RECORDS FOR THE EXERCISE section start

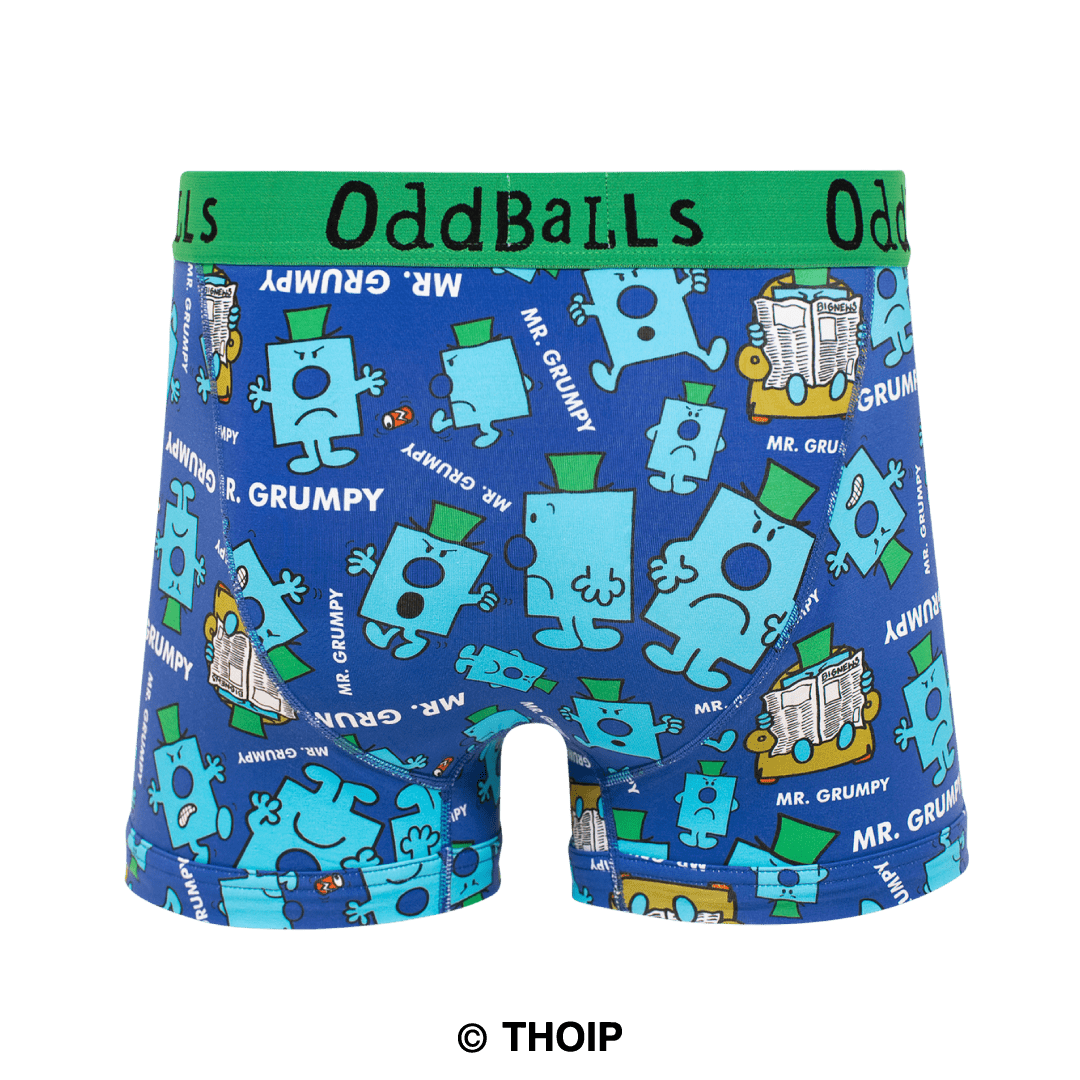 Mr Grumpy  - Mr Men - Mens Cotton Boxer Shorts: Small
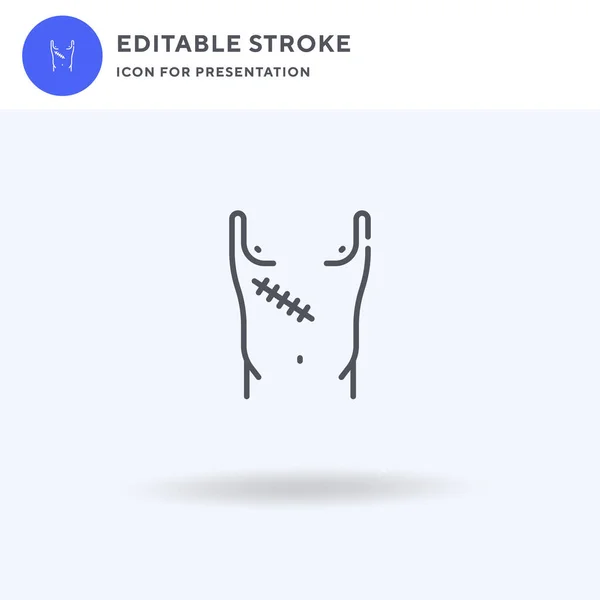 Scar icon vector, gevulde vlakke teken, solide pictogram geïsoleerd op wit, logo illustratie. Scar icoon voor presentatie. — Stockvector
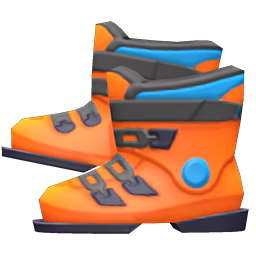 Ski Boots Orange
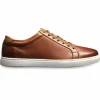 Outlet Allen Edmonds Courtside Leather Sneaker (5639) Chili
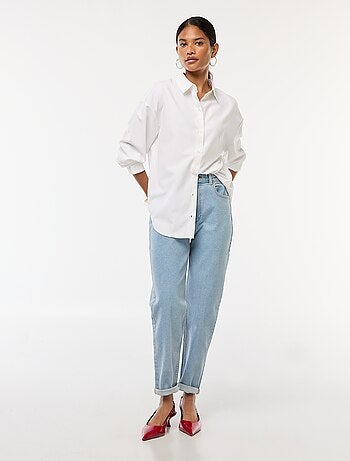 Jean coupe mom - L30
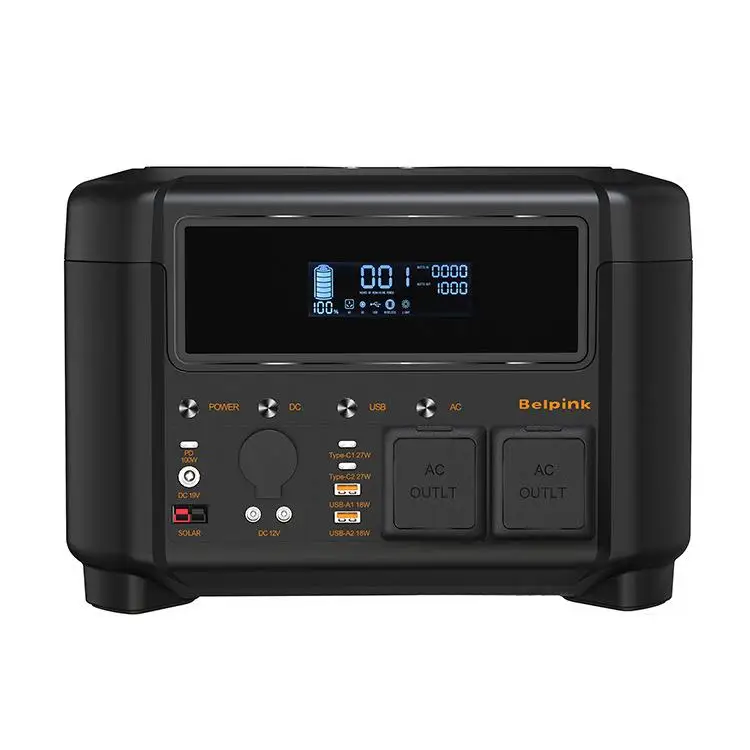 1000W outdoor camping energy storage power station 300000mAh high power 200W solar charging emergency power supply
1000W outdoor camping energy storage power station 300000mAh high power 200W solar charging emergency power supply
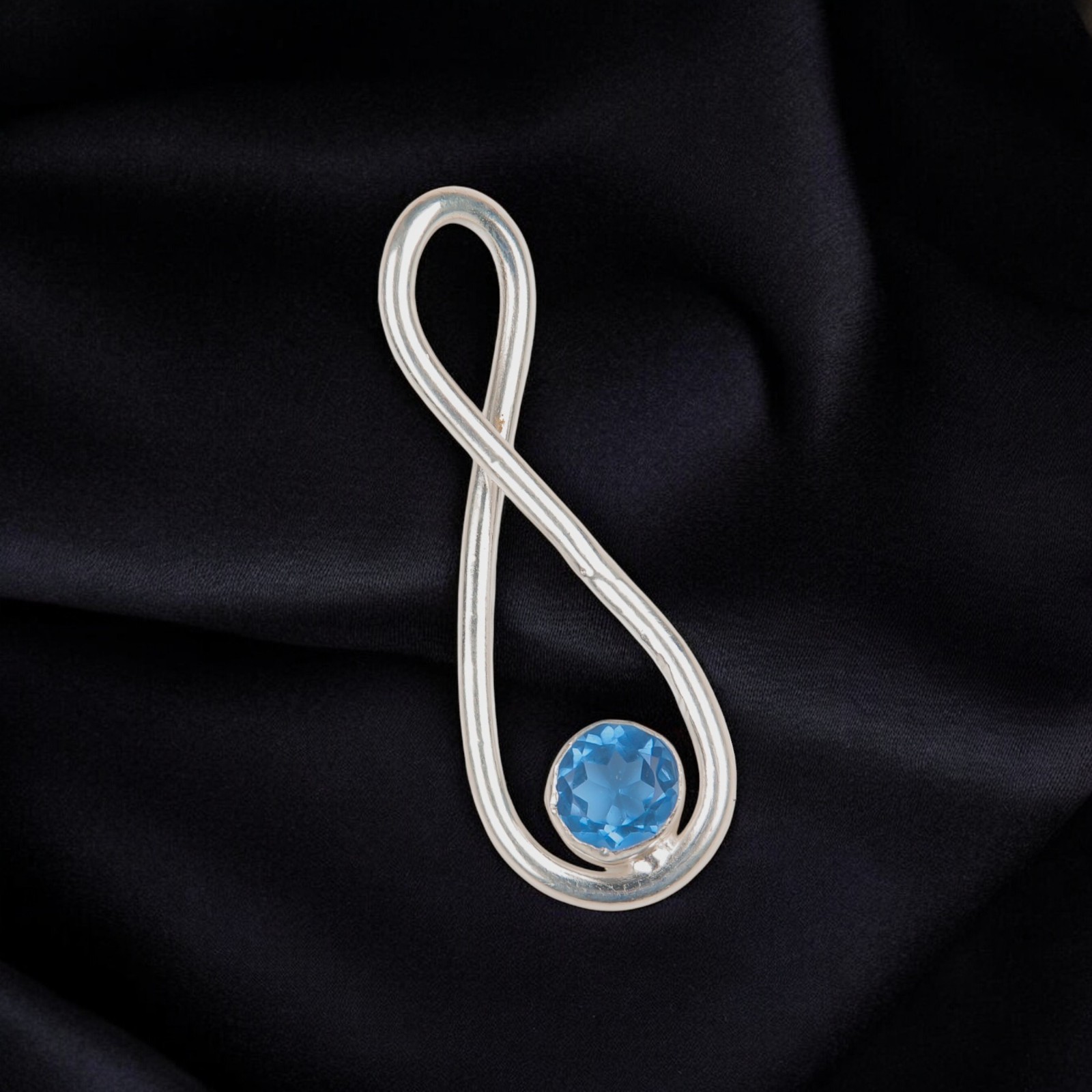 Tanzanite Gemstone Jewelry 925 Silver Handmade Boho Pendant 1.66″ Birthday Gifts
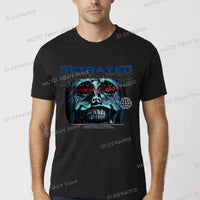 A vintage black Solo Leveling Anime T-Shirt featuring a funny Sung Jinwoo graphic print, available in sizes S to 4XL for men and women.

RECORDS FOR THE EXERCISE section end

Give back an exact copy of only the lines from the one with "Outlet Allen Edmonds" through the final line of the material, both included. Pictures do not belong in it.

SOLUTION:
 Outlet Allen Edmonds Courtside Leather Sneaker (5639) Chili
 Jean coupe mom - L30
 1000W outdoor camping energy storage power station 300000mAh high power 200W solar charging emergency power supply
1000W outdoor camping energy storage power station 300000mAh high power 200W solar charging emergency power supply
 Tanzanite Gemstone Jewelry 925 Silver Handmade Boho Pendant 1.66″ Birthday Gifts
 A vintage black Solo Leveling Anime T-Shirt featuring a funny Sung Jinwoo graphic print, available in sizes S to 4XL for men and women.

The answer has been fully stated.